Rebel Ag managing director, Julie Black, Trangie, was among those juggling the extreme demand with her current capacity. Her company has contracted two Jetranger Helicopters from Commercial Helicopters, based at Mudgee to assist her usual fleet of six fixed-wing turbine aircraft.
This week, Rebel Ag has seen a swing from in-crop herbicide to urea spreading and fungicides (for chickpeas) as the crops change growth phases.
“We have pilots from interstate giving us a hand and we’ve got our usual core pilots” she said.
“It’s gone beyond any scale – the demand has been extreme. At the moment the phones calls coming in have not stopped and given the forecast, it is likely to continue. We could have gone and got double the amount of aircraft, pilots and mixing vehicles and we probably still would not have kept up with demand.”

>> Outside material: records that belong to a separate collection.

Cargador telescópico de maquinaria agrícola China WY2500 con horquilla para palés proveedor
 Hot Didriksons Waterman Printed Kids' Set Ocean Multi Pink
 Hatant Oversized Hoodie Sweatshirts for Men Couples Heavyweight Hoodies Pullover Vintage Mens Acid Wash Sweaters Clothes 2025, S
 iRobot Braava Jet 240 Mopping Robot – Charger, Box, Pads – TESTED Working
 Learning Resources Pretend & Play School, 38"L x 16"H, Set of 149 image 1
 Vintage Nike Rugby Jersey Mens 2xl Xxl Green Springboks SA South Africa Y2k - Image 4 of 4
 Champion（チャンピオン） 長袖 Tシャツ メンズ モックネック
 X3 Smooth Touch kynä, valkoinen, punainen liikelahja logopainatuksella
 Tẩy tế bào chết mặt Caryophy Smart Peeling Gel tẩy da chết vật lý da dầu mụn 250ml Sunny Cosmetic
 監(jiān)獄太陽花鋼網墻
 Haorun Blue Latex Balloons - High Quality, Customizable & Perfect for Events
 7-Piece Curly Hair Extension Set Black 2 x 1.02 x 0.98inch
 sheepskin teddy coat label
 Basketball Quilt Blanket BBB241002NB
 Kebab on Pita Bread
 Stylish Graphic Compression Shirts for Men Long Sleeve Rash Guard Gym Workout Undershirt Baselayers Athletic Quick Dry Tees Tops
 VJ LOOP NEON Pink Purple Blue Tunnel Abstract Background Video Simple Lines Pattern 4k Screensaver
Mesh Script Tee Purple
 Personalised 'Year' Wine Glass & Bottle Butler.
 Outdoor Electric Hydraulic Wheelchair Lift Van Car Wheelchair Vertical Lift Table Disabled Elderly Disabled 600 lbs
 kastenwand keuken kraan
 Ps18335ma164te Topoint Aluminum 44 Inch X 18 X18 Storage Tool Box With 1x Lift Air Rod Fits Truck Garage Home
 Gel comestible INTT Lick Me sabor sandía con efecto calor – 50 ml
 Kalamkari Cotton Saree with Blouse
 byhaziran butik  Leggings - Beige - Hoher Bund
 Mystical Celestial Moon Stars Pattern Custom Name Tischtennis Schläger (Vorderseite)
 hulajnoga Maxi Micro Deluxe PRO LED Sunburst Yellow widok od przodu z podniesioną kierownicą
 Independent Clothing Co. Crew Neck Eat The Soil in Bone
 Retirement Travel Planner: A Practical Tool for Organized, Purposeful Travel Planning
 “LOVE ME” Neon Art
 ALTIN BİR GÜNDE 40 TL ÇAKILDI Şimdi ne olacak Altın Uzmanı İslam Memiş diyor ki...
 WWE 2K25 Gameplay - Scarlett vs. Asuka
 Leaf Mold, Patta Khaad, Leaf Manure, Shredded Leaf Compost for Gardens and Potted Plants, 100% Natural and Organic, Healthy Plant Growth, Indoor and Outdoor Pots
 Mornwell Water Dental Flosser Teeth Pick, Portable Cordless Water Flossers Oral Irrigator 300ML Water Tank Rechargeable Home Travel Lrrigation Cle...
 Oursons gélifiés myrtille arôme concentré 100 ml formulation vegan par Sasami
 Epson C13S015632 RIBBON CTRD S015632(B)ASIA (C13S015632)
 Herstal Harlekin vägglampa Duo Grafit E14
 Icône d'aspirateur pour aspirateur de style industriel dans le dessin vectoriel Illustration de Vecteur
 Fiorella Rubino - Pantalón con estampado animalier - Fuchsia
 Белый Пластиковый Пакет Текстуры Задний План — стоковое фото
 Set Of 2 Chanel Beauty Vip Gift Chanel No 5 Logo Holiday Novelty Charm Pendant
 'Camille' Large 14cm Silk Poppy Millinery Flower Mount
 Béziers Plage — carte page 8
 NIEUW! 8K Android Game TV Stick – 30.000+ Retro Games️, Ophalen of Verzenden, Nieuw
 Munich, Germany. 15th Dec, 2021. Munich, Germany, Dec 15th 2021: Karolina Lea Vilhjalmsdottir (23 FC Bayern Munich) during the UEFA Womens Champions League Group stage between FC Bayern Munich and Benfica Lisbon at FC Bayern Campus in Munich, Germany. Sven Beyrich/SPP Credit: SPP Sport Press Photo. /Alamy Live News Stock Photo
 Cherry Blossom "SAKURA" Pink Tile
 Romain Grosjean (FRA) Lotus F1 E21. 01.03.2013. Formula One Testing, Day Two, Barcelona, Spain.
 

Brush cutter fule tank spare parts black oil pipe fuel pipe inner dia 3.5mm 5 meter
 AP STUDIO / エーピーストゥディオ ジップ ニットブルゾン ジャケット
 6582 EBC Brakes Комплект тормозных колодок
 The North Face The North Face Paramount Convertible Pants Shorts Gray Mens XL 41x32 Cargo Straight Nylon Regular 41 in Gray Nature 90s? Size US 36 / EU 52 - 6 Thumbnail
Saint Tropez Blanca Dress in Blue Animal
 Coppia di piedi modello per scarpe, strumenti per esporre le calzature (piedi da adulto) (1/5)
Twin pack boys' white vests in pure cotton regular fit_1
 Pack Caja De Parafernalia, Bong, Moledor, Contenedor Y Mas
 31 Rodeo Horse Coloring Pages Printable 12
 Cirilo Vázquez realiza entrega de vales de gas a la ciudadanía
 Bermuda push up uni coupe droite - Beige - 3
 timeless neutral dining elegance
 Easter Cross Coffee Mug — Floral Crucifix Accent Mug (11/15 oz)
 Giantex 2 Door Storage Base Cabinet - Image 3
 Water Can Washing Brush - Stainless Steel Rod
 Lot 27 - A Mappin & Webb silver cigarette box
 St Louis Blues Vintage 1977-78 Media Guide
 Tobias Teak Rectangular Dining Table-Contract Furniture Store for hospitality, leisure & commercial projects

Commercial Helicopters pilot, Sam Nichols, said the helicopters were helping where extra care was needed in preventing drift, or where paddocks were too far from usable airstrips, which otherwise increased fixed-wing ferrying time.
Fieldair business manager, Stephen Holding, Ballarat, Victoria, said demand was strong through the southern Riverina, which the company serviced from its two main depots at Finley and Deniliquin.
“We’ve certainly seen in the southern Riverina early-season demand that we haven’t seen in many years,” Mr Holding said.
“It’s got wet to the point where it’s starting to hamper the airstrips we’d normally use – we are being limited by the number of suitable airstrips at the moment due to the wet conditions.”
He estimated Fieldair was receiving as much as four-fold the usual demand for June-July and some jobs remained unattended due to lack of serviceable airstrips.